2008 KU-Texas football
Saturday afternoon at Memorial Stadium, Texas junior Colt McCoy tied Vince Young's school record for career victories by a Longhorns starting quarterback.
Fittingly, McCoy bagged win No. 30 - against just seven losses - by using his legs Ã la Young (30-2 career at UT) and once again led No. 4 Texas in rushing during a 35-7 blowout victory against Kansas University.
McCoy carried the ball 16 times for 78 yards and a touchdown, marking the sixth time this season he has led the Longhorns in rushing. The 16 carries were a season high for McCoy, and tying Young's record was something that overwhelmed the humble UT star.
"For my name to even be mentioned in the same category with Vince, that's an honor itself," McCoy said. "That's awesome. I'm just playing, and I'm doing the best I can. My teammates are playing great, my coaches are calling great plays, and we're having fun. That's the most important part."
Although McCoy - the Longhorns' leading rusher this season with 636 yards on 117 carries - did plenty of damage with his feet Saturday, it was his ability to throw the ball into a stiff wind that most impressed his coach.

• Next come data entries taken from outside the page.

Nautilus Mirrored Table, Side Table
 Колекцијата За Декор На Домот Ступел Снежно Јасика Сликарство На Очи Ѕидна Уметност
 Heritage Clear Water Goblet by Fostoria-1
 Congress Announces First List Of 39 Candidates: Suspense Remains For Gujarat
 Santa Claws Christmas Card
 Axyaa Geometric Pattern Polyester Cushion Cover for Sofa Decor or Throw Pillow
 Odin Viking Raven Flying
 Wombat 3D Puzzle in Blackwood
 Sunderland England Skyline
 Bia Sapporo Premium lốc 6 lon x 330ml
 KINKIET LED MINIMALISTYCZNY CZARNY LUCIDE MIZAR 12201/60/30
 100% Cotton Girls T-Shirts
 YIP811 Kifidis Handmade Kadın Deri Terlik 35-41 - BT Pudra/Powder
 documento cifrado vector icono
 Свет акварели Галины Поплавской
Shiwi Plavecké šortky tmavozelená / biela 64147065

"Coming north is tough for quarterbacks," Texas coach Mack Brown said. "And I thought Colt played one of his toughest and grittiest games since he's been at the University of Texas. (He) has done amazing things since he's been at Texas, and for him to tie Vince's record with a year left - more than a year left - is really, really significant."
McCoy marched the Longhorns down the field on their opening drive, hitting four receivers for 39 yards, to set up a 14-yard touchdown run by Vondrell McGee.
Late in the second quarter, the UT QB took matters into his own hands by rumbling into the end zone on a four-yard TD run that gave Texas a 14-0 lead at halftime. On that drive, McCoy had four carries for 18 yards and was 2-for-2 through the air for 36 more.
"In these conditions, I thought, as an offense, we played great," McCoy said. "When the wind's blowing 30 miles an hour in your face, it's hard to complete balls, but give credit to the receivers because they caught the ball well."
McCoy's success on the ground against Kansas was more the result of a veteran quarterback taking what the defense gave than part of the UT game plan. The junior from Tuscola, Texas, said the way KU's defense spread its linebackers opened up lanes for him to run.
"There were no called quarterback reads," McCoy said. "I just got the feel that it might open up and I might be able to make a play with my feet, and I ended up doing that a couple times."
McCoy's longest run of the day came on the first play of Texas' fourth scoring drive. With KU threatening to get back into the game, trailing just 21-7 midway through the third quarter, McCoy surged between the tackles and galloped, untouched, 25 yards through the heart of the KU defense. Seven plays later, McCoy found Quan Cosby for a nine-yard touchdown pass with 2:38 to play in the third, a strike that all but buried the Jayhawks.
"Our defense played awesome, especially in the first half," McCoy said. "Offensively, we just went through a slump in the second quarter. We should've capitalized on some opportunities in the first half, and we didn't. But good teams respond, and we came out in the third and fourth quarter and dominated."
As a result, the former top-ranked team in the nation once again is rolling.
After falling out of the No. 1 spot in the polls two weeks ago because of a last-second loss to Texas Tech, the Longhorns have bounced back by drubbing Baylor and Kansas, keeping alive their hopes for a Big 12 title.
"I think all three (Texas, Oklahoma and Texas Tech) are really good football teams," Brown said. "Obviously, it'll all get sorted out more over the next two weeks. What we've gotta do is just keep playing."